In describing Daraniyagala’s work, one is aware that any generalizations can be countered with exceptions. His “method” was relentless experimentation, a setting of challenges for himself, abrupt reversals. For example, in his painterly way he can be said characteristically to build up forms with brushstrokes and colours so that his painted works look very different from the outlined, linear forms that characterize, say, Keyt’s or Beling’s works. Yet Daraniyagala also will occasionally employ dark outlines with light figures, as in Girl with Iris or Girl with Telephone, or negative (white) outlines with dark figures (The Bride, Seated Figure, Girl).
One can ask whether there is anything specifically Sri Lankan about Daraniyagala’s work. His themes are largely universal ones – the human figure, especially women, mother and child, artist and model, and animals. There are no peraheras or Kandyan dancers, no local landscapes, no markets or fishermen in his paintings, and no echo of Sigiriya ladies or temple frescoes. His personal ascetic isolation is less that of a monk than of one type of legendary Western artist (typified by Piero di Cosimo, Gauguin, or Albert Pinkham Ryder) who forsakes the ties and pleasures that give life meaning for most of us – marriage, children, work in the world, a “social life” – and lives to paint. If anything, Daraniyagala’s figures have recognizably Sri Lankan body types, postures, and skin colouring (even, some might say, a “Pasyala look”) and he may occasionally show some local flora and fauna. But he is unique among 43 Group painters in his apparent lack of interest in depicting either traditional life, the national heritage, or the legends and themes of Asia.

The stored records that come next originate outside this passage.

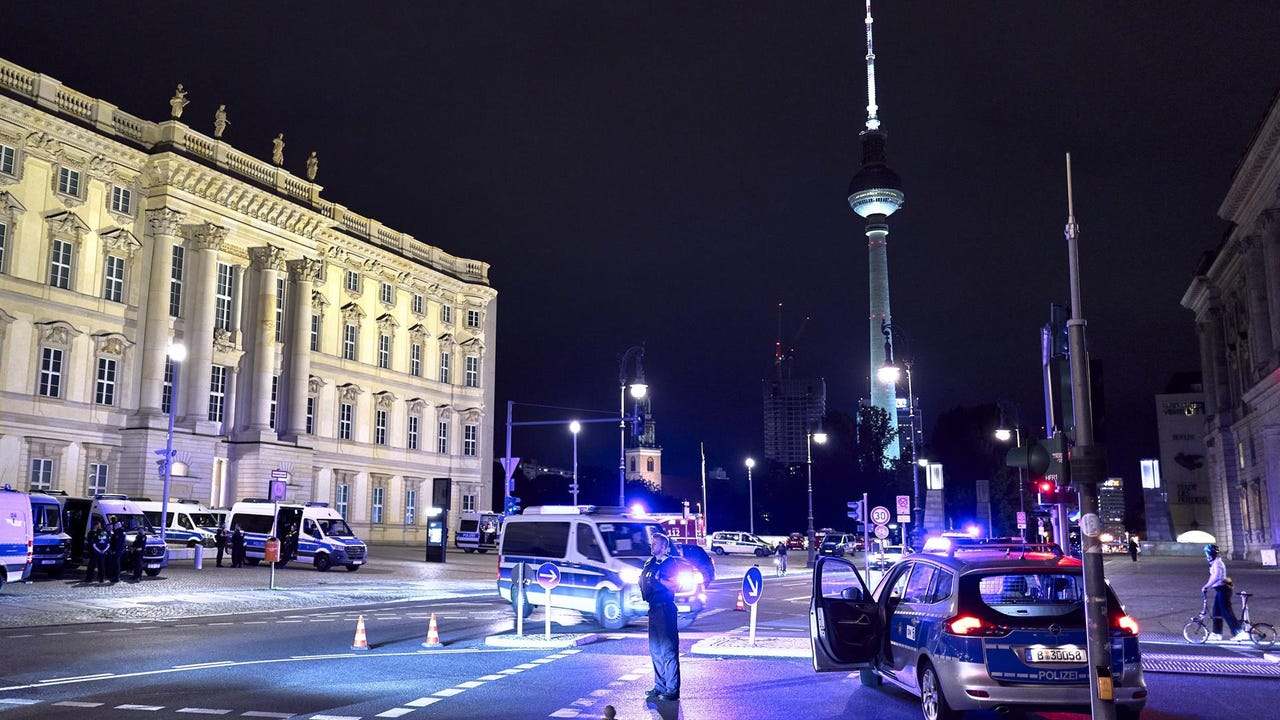 Multitudinaria evacuación en Berlín por una "bomba dormida"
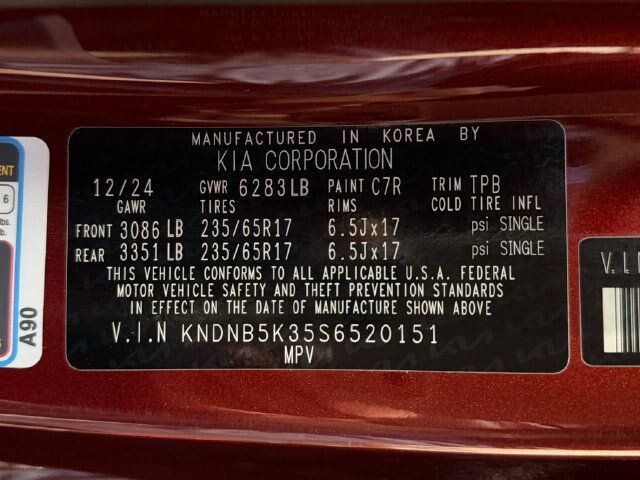 Used 2025 Kia Carnival FWD image 27
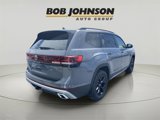 New 2025 Volkswagen Atlas Peak Edition SE image 4
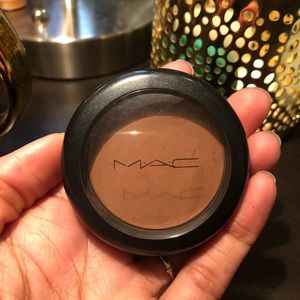MAC BLUSH IN COLOR BLUNT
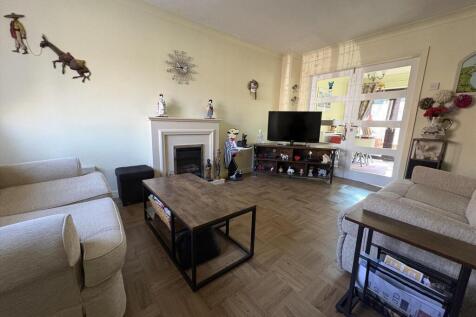 Living Room Pic 1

I have heard people speak of “profound humanity” in Daraniyagala’s work, something I have to say I do not find, at least not very often or in the way in which I think the words are meant. (Although his most humanly-convincing portrayals are of children). In the drawings I detect an excited, inquisitive, and exceptionally skillful eye and hand at work; in the paintings I find the curiosity of the intellectual to see what comes and the quest of the pure modern artist to bring forth from nothing, something.
I do not mean to suggest that his works are not deeply moving – on the contrary. But whatever depths his art touches seem to me to be of the same kind that great music touches – not depicted incidents or even emotions in the usual sense of that word (such as compassion or courage or outrage or lust or tenderness) but rather as it were the indescribable felt interior embodiedness of incidents and feelings – their weight, or contrast, or contour, their ease or difficulty, their greatness or smallness, roughness or smoothness, their surge and swelling. Preverbal and interior, these are what we respond to in the journey Daraniyagala’s canvases take us on.
To me it is a measure of Daraniyagala’s greatness, and even more of his modernity, that his paintings do not have to tell a story or depict an incident to engage the viewer. They individually become their own world (as does, on another level, his oeuvre), a record of an exploration or of a growing to maturity of that elusive modern Western phenomenon that before it is anything else is “(a work of) art,” to be responded to in kind.